Credit rating agency Moody’s has upgraded DP World’s forecast and said that the company’s outlook is “stable” thanks to its diversified global operations and solid liquidity, despite the potential impact of the US-China trade war.
Moody’s based its decision on an expected increase in container traffic and the fact that DP World focuses primarily on origin and destination ports, which are less vulnerable to cyclical downturns than transhipment ports.
Moody’s saw an escalation in the US-China trade war creating “significant uncertainty” for the container shipping industry at large, but found that DP World’s direct exposure in the Far East will be “limited” as it operates two ports in the region.
The upgrade, which is from Baa2 to Baa1, is an improvement in Moody’s rankings of moderate credit risk, and moves the Dubai-based terminal operator closer to the next notch up of A3, which is low credit risk.
DP World’s evaluation comes after an increase of 6% in its 2018 first half volume on 24 July, with every region in which it operates enjoying growth.
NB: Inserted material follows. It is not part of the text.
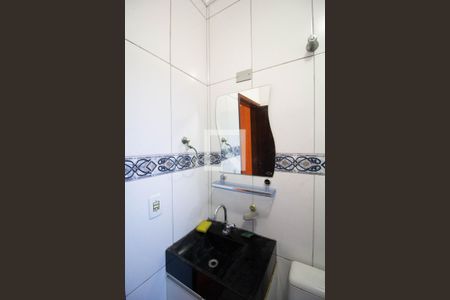 Banheiro da Suíte de casa à venda com 3 quartos, 140m² em Vila Taquari, São Paulo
The London Court of International Arbitration (LCIA) also ruled in its favour over the disputed Doraleh Container Terminal.
It also announced the acquisition of Europe’s largest container feeder and shortsea network Unifeeder for approximately USD $764 million acquisition on August 7, 2018.
Rehan Akbar, an analyst at Moody’s, commented on the upgrade: “Our decision to upgrade DP World's ratings reflects a strong track record in managing its business through industry cycles as well as achieving its growth ambitions, while maintaining a healthy financial profile.
“DP World's growing scale and geographic footprint has increased its business resilience which Moody's now sees as more appropriately reflected in the Baa1 rating.”